INFORMATION SHOWN:

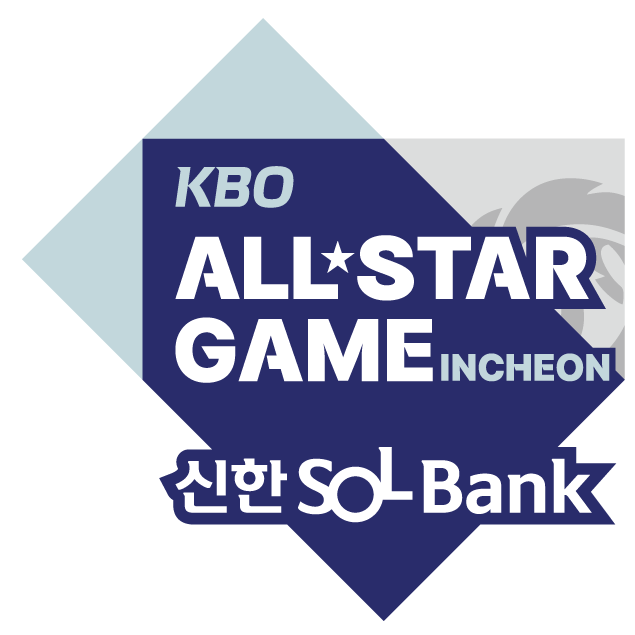 Allstar Icon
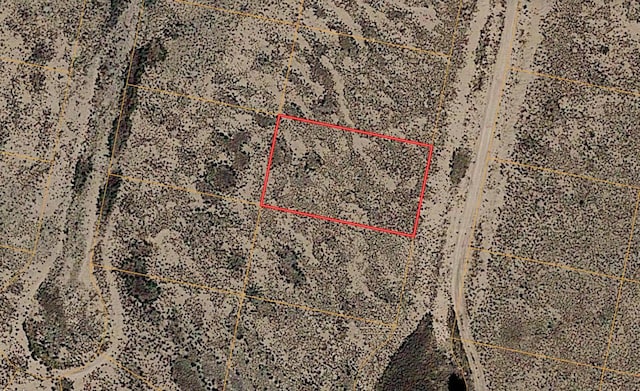 Lot23-27 Rio Del Oro 41, Los Lunas, NM 87031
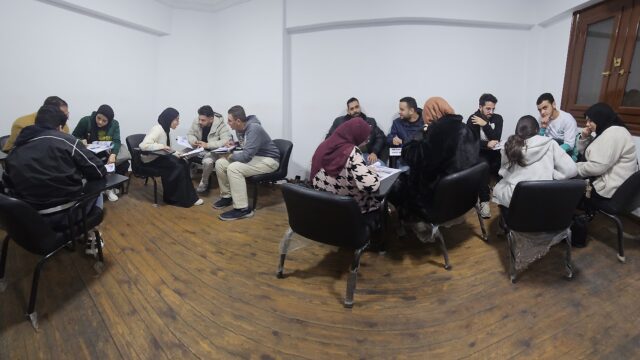 Google Photo 3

YOUR INSTRUCTIONS: All of the material above is to be retyped exactly, with no pictures included.

TASK ANSWER:
 Allstar Icon
 Lot23-27 Rio Del Oro 41, Los Lunas, NM 87031
 Google Photo 3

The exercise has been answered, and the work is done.